In the same communication of the 16th I inquired about Mr. Alfred Stanly, who was said to be confined in the common jail at Washington, N. C. The reply which I received to that is, "No record of Alfred Stanly or any prisoner at Washington, N. C. " I suppose it is known whether Mr. Stanly is in confinement or not. The place of confinement is not very material. Will you please inform me whether Mr. Stanly is in any one of your prisons, and if so, upon what charges?

Respectfully, your obedient servant,

RO. OULD,

Agent of Exchange.

RICHMOND, October 31, 1863.

Brigadier General S. A. MEREDITH, Agent of Exchange:

SIR: I have just received your letter of the 28th instant making inquiries respecting the officers and crews of the Morning Light, Velocity, and Harriet Lane.

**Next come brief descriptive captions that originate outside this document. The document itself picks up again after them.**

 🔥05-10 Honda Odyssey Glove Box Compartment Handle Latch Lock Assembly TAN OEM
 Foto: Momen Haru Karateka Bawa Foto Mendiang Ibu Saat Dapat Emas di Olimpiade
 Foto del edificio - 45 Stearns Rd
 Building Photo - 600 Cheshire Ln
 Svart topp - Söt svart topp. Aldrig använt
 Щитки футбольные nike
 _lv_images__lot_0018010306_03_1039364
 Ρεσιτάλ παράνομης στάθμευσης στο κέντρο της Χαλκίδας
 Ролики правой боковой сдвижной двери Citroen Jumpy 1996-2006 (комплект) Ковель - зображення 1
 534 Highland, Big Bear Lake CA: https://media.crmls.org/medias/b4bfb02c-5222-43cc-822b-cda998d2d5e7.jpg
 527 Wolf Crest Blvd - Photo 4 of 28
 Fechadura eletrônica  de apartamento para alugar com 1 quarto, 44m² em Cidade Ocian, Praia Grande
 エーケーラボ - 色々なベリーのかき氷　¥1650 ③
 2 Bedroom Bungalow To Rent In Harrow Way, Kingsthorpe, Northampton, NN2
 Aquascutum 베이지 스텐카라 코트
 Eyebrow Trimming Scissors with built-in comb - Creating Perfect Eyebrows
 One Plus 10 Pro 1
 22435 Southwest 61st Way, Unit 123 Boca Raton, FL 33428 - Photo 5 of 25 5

You first say, "They are still detained in Southern prisons. " You next say, "The officers have been paroled and exchanged. " I really cannot see how paroled and exchanged officers can 'still be detained in Southern prisons. " If they have been paroled and exchanged when was it done, and by whom? If I have made any agreement as to these parties I will fulfill it to the letter.

If the officers and crews of those vessels are in confinement they are there because you refuse to release the officers and crews of Confederate vessels. The former are very likely to remain in confinement until you release the latter unless I have made some agreement which entitles them to a discharge. I am not aware of having done so.

Respectfully, your obedient servant,

RO. OULD,

Agent of Exchange.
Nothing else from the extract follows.